L’Organisation internationale pour les migrations (OIM), dont le siège est à Genève, traverse une période difficile. Face à une réduction significative de ses financements, notamment en raison du retrait d’une partie de l’aide américaine, l’agence se voit contrainte de supprimer au moins 20 % de ses effectifs, soit environ 200 emplois.
Une série de coupes budgétaires qui inquiète
Cette nouvelle vague de licenciements intervient alors que l’OIM avait déjà supprimé près de 3 000 postes liés à son programme de réinstallation des réfugiés aux États-Unis. L’arrêt brutal de ce programme, décidé par l’administration du président Donald Trump, a fortement fragilisé l’organisation. Aujourd’hui, la tension est palpable au sein du personnel.
Un employé, sous couvert d’anonymat, évoque une “atmosphère pesante”, décrivant des scènes où certains collègues, convoqués pour un entretien de licenciement de quelques minutes, ressortaient en larmes.
Une restructuration justifiée par “l’efficacité opérationnelle”
L’OIM n’a pas confirmé officiellement l’ampleur des licenciements. Toutefois, un porte-parole de l’organisation a admis que des “ajustements nécessaires” étaient en cours afin d’adapter l’agence à un budget plus restreint. Il a insisté sur la volonté de préserver les missions essentielles de l’OIM tout en cherchant des gains d’efficacité.
Selon d’anciens employés, certains départements entiers auraient été supprimés, les contrats à durée déterminée ne seraient pas renouvelés en juin, et les postes juniors seraient les plus exposés aux suppressions.
Des employés en colère
L’OIM, qui intervient auprès de plus de 280 millions de migrants à travers le monde, dépend en grande partie des financements volontaires de ses donateurs. Avec le désengagement des États-Unis, qui représentaient plus de 40 % de son budget annuel, l’agence se retrouve dans une situation précaire.

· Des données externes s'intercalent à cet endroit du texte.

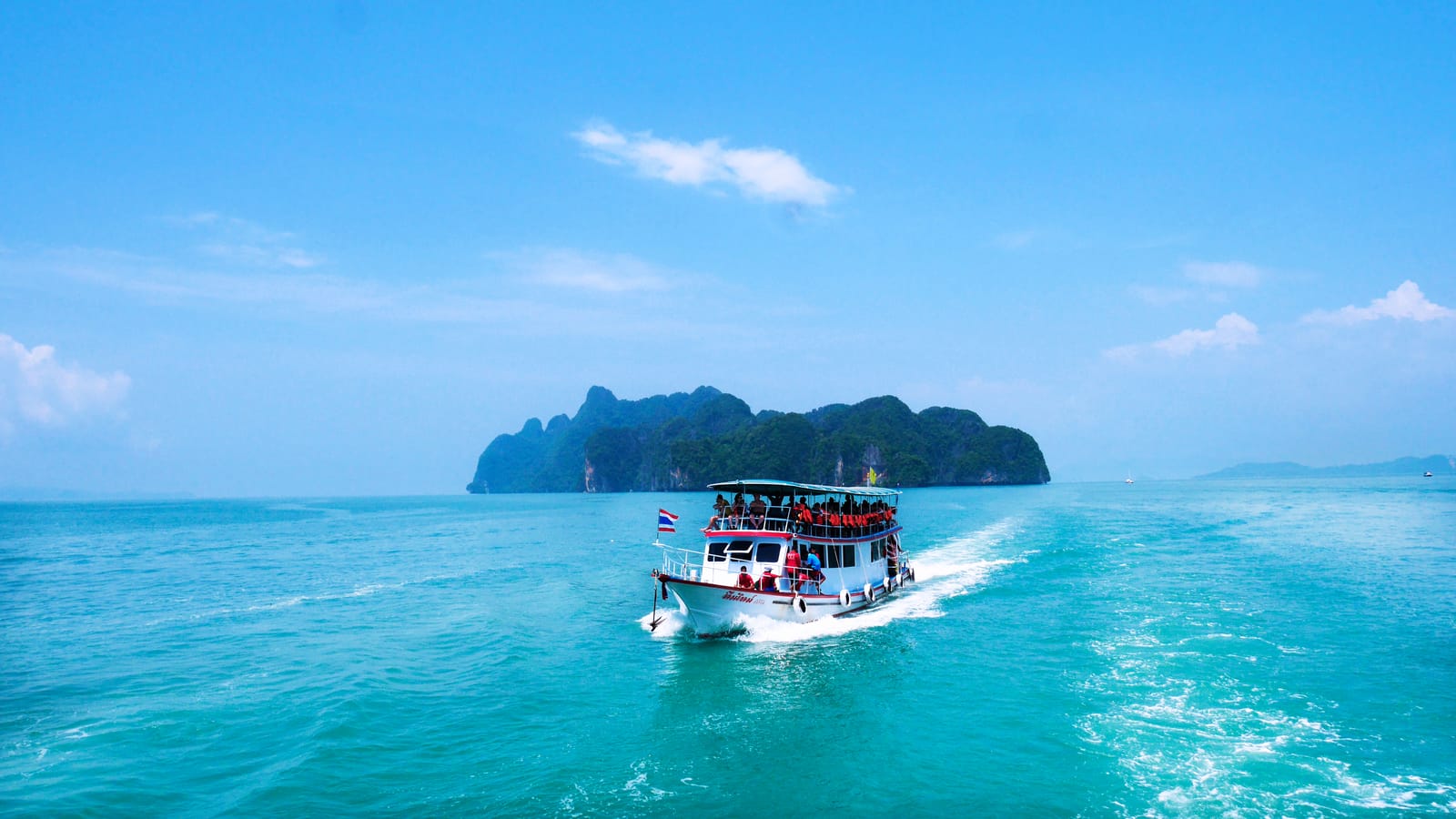 การเดินทางพังงา จากสนามบินถึงเกาะ
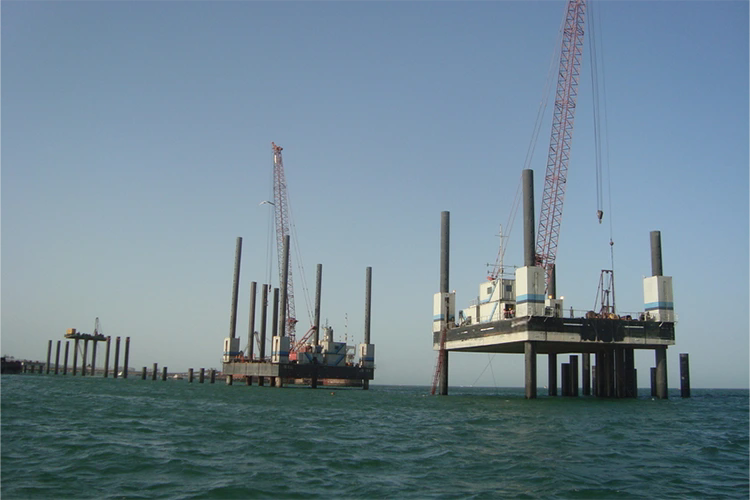 How does a Sectional Jack Up Barge improve offshore operations?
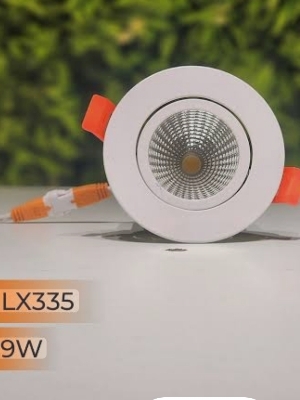 9w cob downlight light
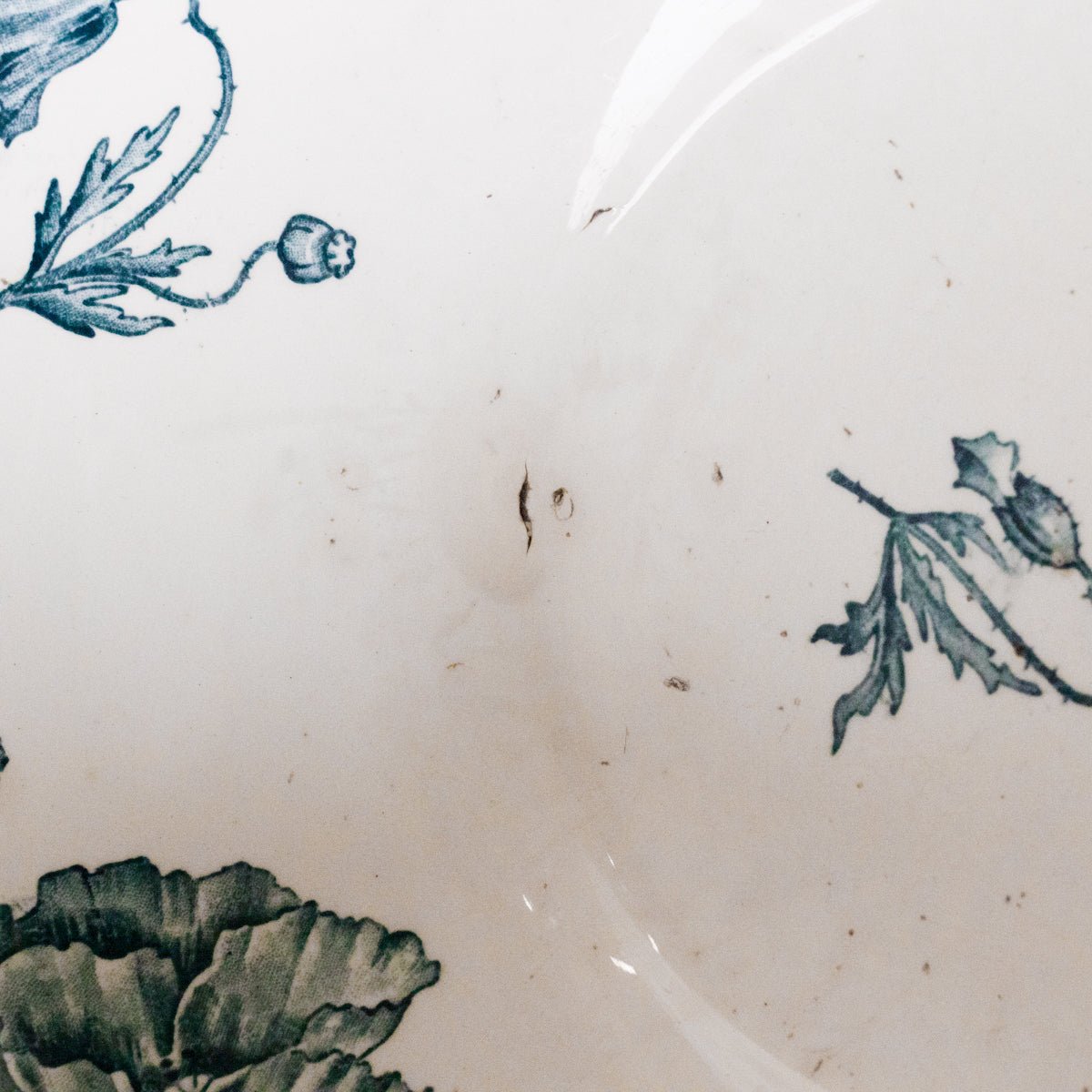 Transferware Serving Bowl - elsie green - The French Kitchen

La directrice générale de l’OIM, Amy Pope, a reconnu la difficulté de ces décisions : “Nous devons faire des choix douloureux, car nous ne pouvons pas maintenir des postes sans financements suffisants”, a-t-elle expliqué récemment.
Cette déclaration n’a pas suffi à apaiser la frustration des employés. Une vidéo circulant en interne, montrant Amy Pope en train de danser avec des équipes au Guatemala pendant que les licenciements sont annoncés, a suscité une vague de colère au sein de l’organisation. “Elle danse pendant que nous perdons nos emplois !”, s’indigne un employé.
L’avenir de l’OIM reste incertain, et ces suppressions de postes pourraient n’être qu’un premier signal des défis financiers à venir pour l’agence.